Daily Archives: Monday, 7:43, April 4, 2011
Science in Dire Straits: the Indoctrination Strawman
It’s curious, but many people seem dead-set on opposing science, and not just the use and misuse of science, or findings they don’t like, but education in the very process and reasoning of science as well.
Why is it that so many on both the Right and Left alike are so fervently opposed to scientific literacy and critical thinking dissemination among the general public?
Partisans at both ends of the ideological spectrum have likened science and scientific reasoning to indoctrination, mind-control, even fascism, or as one conspiracy theorist has referred to rationalists, “skeptinazis.”
This coming from people who themselves are given to indoctrinating others in the very same ideologies — religious, political, spiritual, economic, or what-have-you — that they themselves were, and who project this upon others.
Unsurprisingly, it’s the people least acquainted with the thinking and process of science, though they may enjoy and use the fruits of its labors for their own ends, who oppose it the most: Those who fear and hate science the most fervently have themselves been deprived of an adequate understanding of it, and seek to deprive others of it as well, by specious arguments and political campaigns to cripple scientific literacy and cut funding to educational institutions that promote it.
An understanding of science empowers its possessors, an understanding of how the world really works, and those who lack it are among the disenfranchised, even though some of these may win the influence and votes to attain high public office.
It’s this disenfranchised but politically influential contingent, constituency and office-holders alike, who are most vocally antiscientific, for the scientific and analytical thinking among the general populace they so oppose would not lead to a country they would prefer.
It seems to me that they they would rather do away with a functional middle class, leaving only the very rich and the very poor, deprive the voting public of the education needed to make sound choices at the ballot-box, and restrict even further the voting rights of others whose choices would no doubt endanger the stay in office of corrupt leaders.
I’m not even going to go into the religious implications of complete authoritarian dominance.

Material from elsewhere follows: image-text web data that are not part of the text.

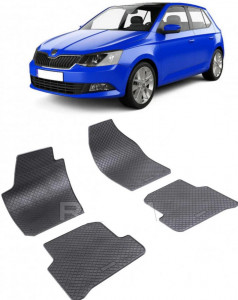 Skoda Fabia III fabricat din 11.2014 - Prezent, Hatchback, set covorase auto dedicate, din cauciuc 100% Premium accesorii pentru autoturismul tau - masina v151196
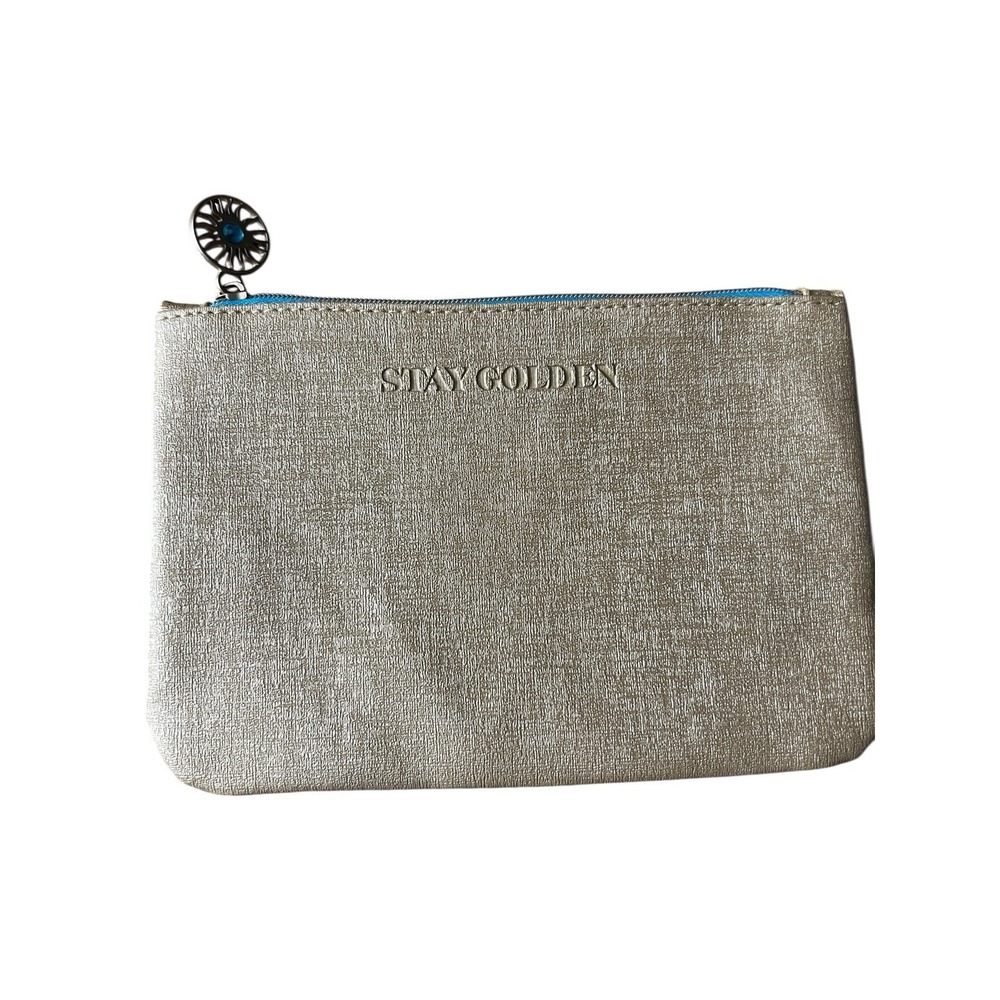 IPSY Gold‎ / Blue Makeup Cosmetic Travel Bag Stay Golden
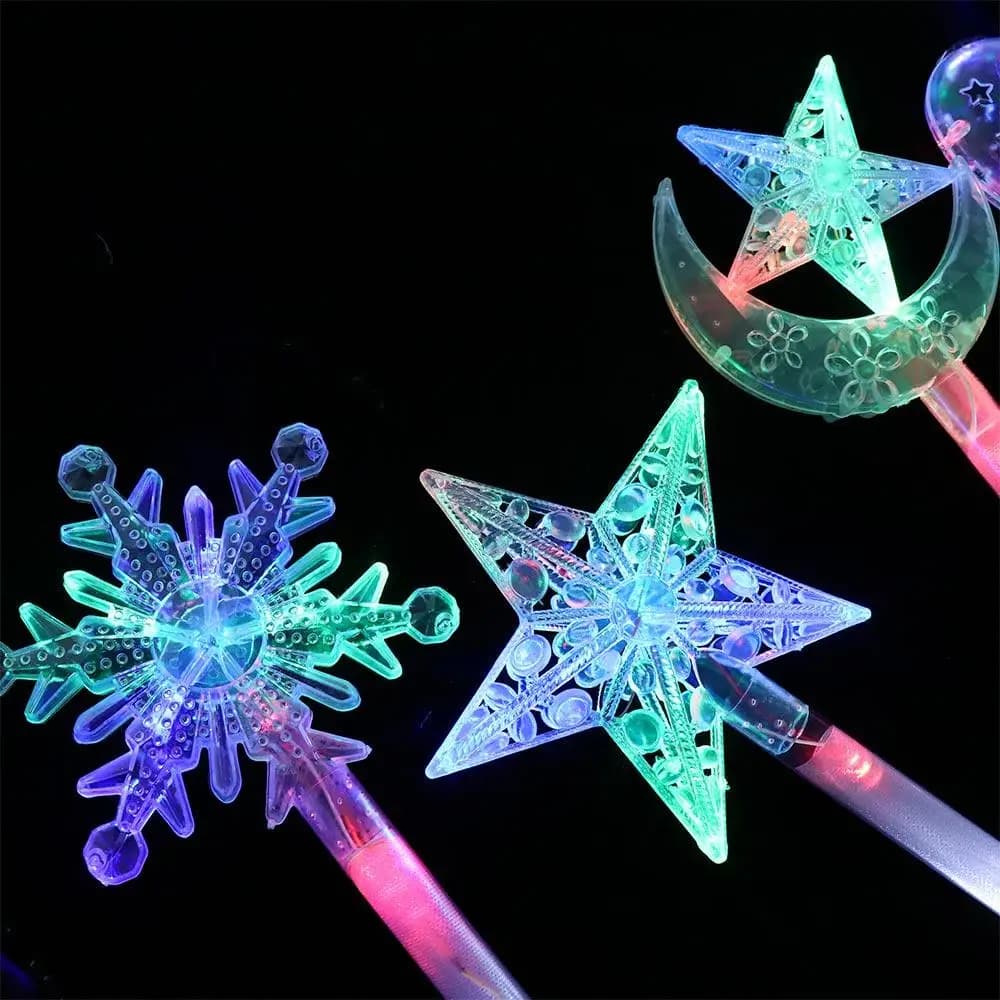 Bacchetta Magica Luminosa a Stella Pentagramma per Esterni - Trucchi di Magia Illuminati, Lampada a LED, Bacchetta Luminosa a Stella, Bacchetta Flash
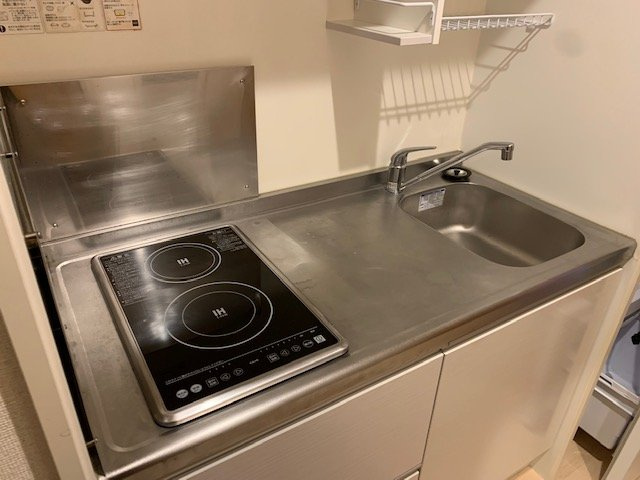 シングルレバー設置　シンク広めです♪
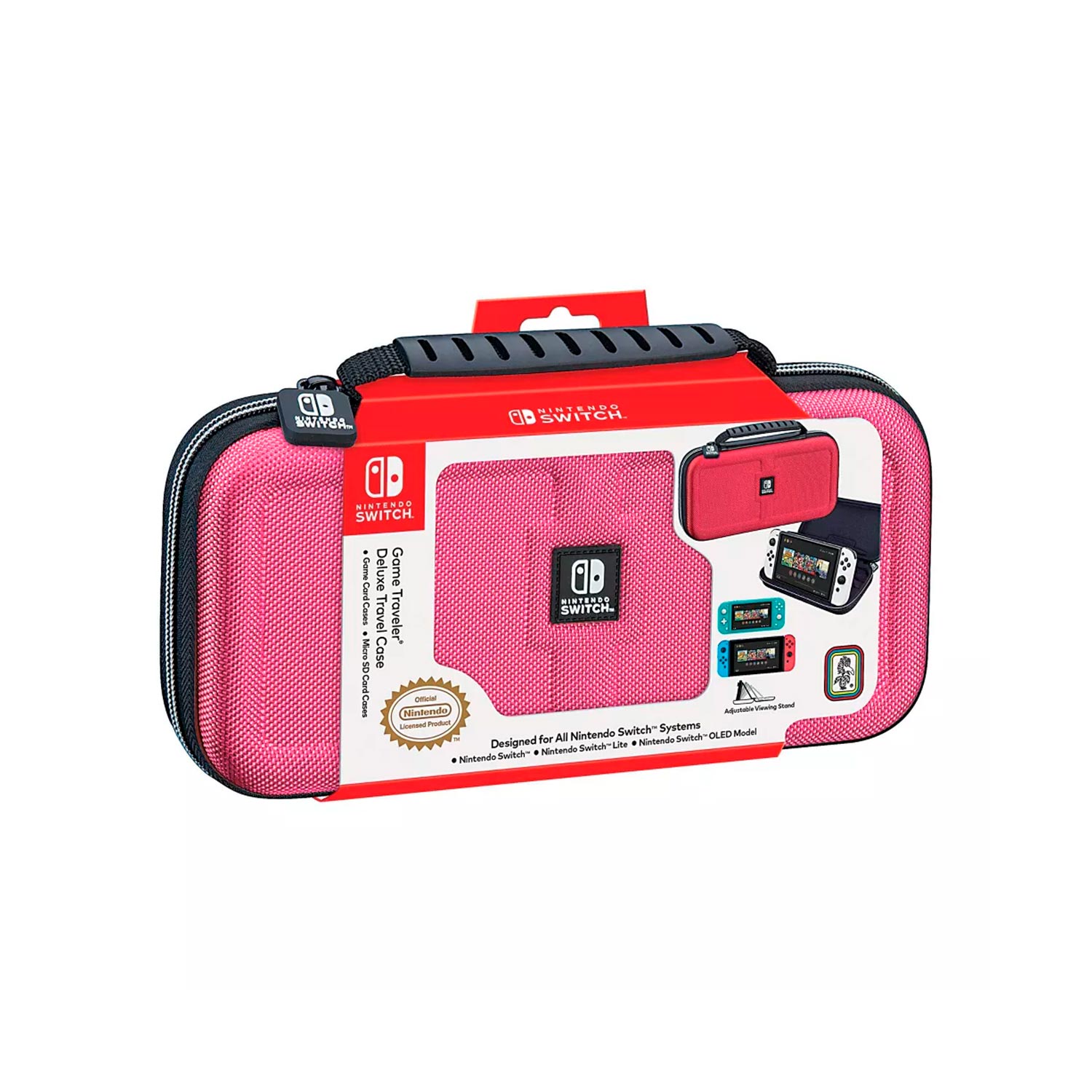 Estuche Game Traveler Deluxe Travel Case Pink Black Nintendo Switch Oled Nns40P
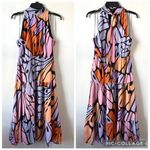 Sam Edelman  Butterfly Tiered High Neck Midi Dress Lavender Multi 4 Photo 2
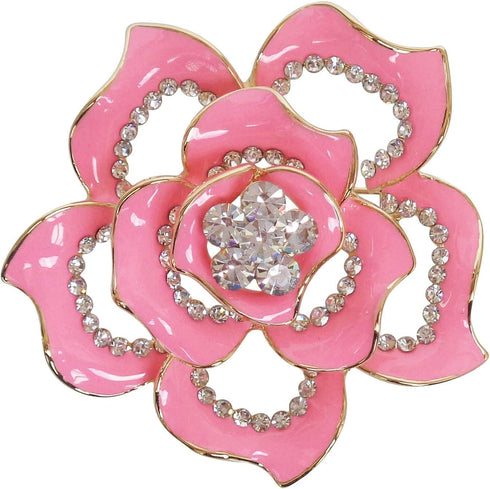 Navachi 18k Gold Plated Crystal Rose Flower Enamel Brooch pins...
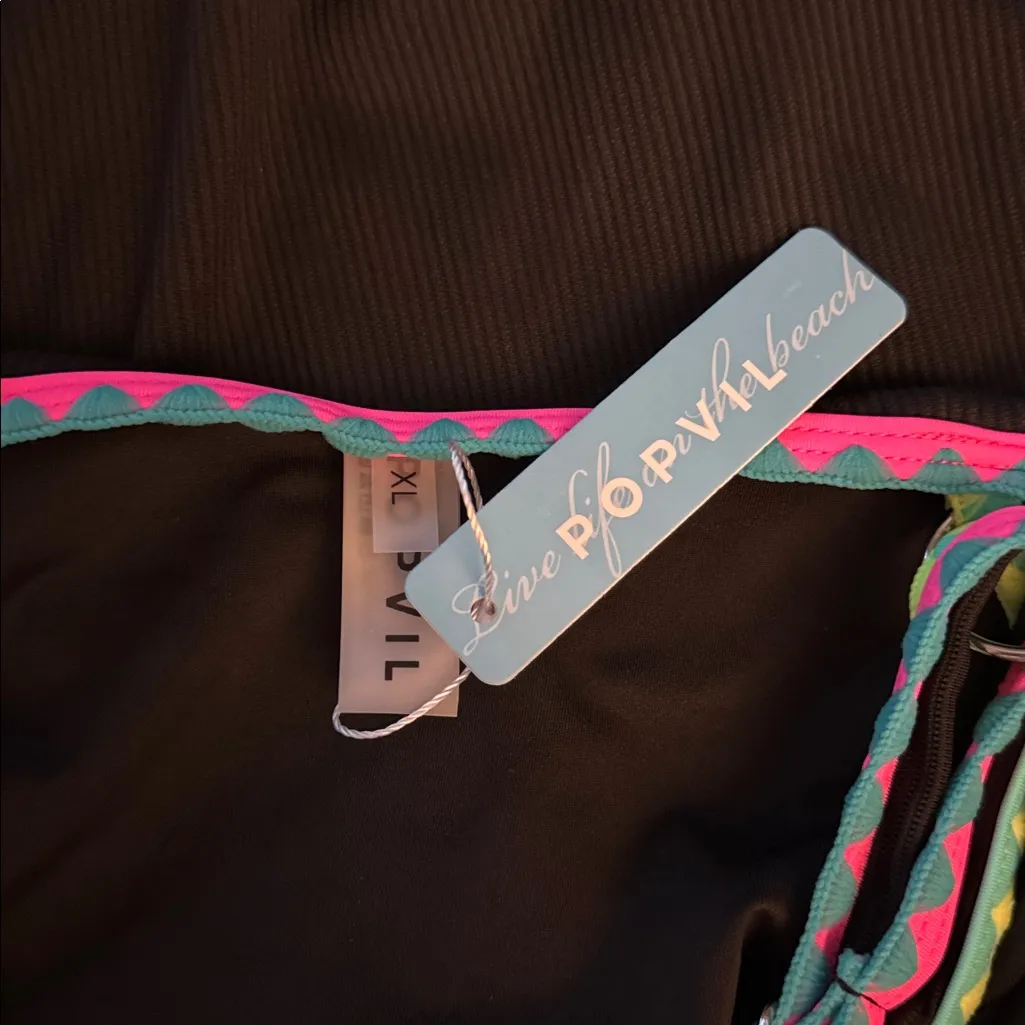 Popvil One Piece Swimsuit Tummy Control Adj Strap Black Neon Color Block XL - Image 8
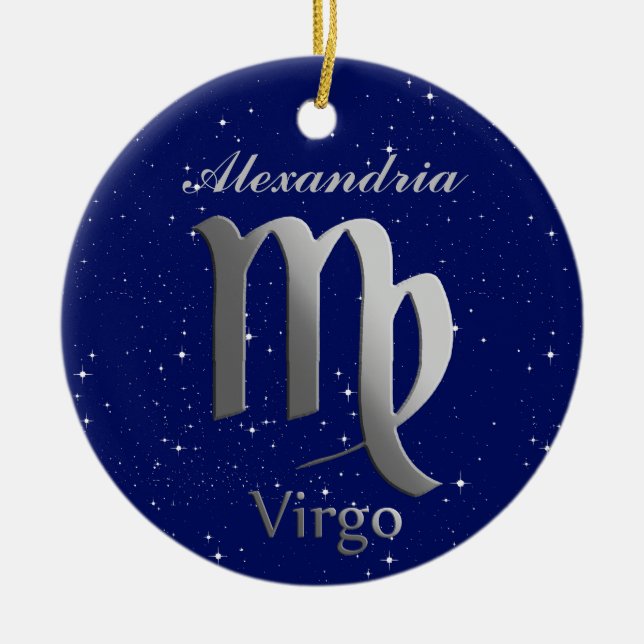 Virgo Sun Zeichen mit Name Keramik Ornament (Vorne)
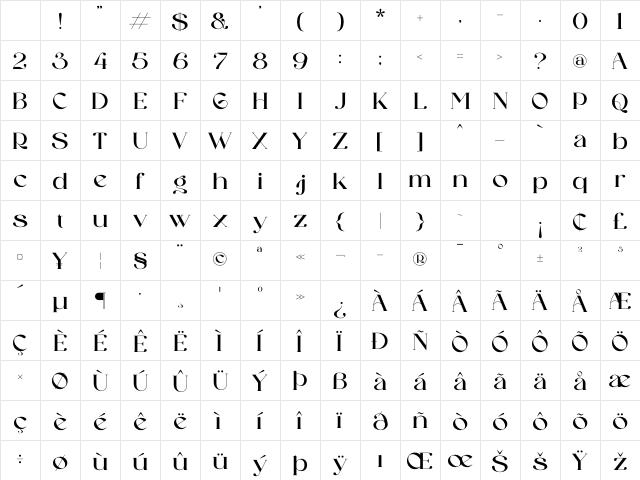 Galeriya Regular Character Map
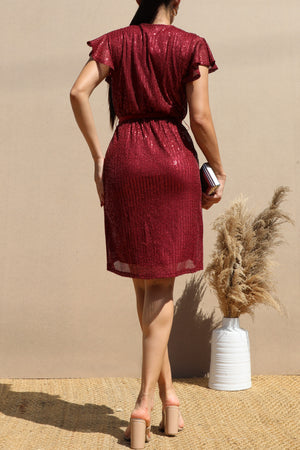 DD4121, SEQUIN V NECK WRAP DRESS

Those would be obvious to any who’ve spent time in the Bible-belt and seen the results of religious fundamentalism in action.
Science is a powerful institution in this society, and if one nation falls behind in its leadership in it, as it seems the U.S. may do perhaps as early as 2013, then another nation will probably take up the slack.
It looks like that may fall to China if the situation in the ‘States isn’t rectified, and soon.
Antiscience is not only endangering the public’s health, bank accounts, the environment, and public safety, but the very fabric of what’s left of a functioning democracy, permitting demagogues to further their own political agendas and wealth by crippling what remains of the understanding and will of the people and the knowledge and laws that allow the people to make use of their understanding to exercise that will wisely.
To paraphrase Carl Sagan, if we cannot be skeptical of those in authority, then we’re up for grabs.
To those in power accustomed to their comfort spots, people who can think for themselves are dangerous. And it’s the complete collapse of the public’s ability to think that so favors totalitarian regimes who capitalize on fear and confusion.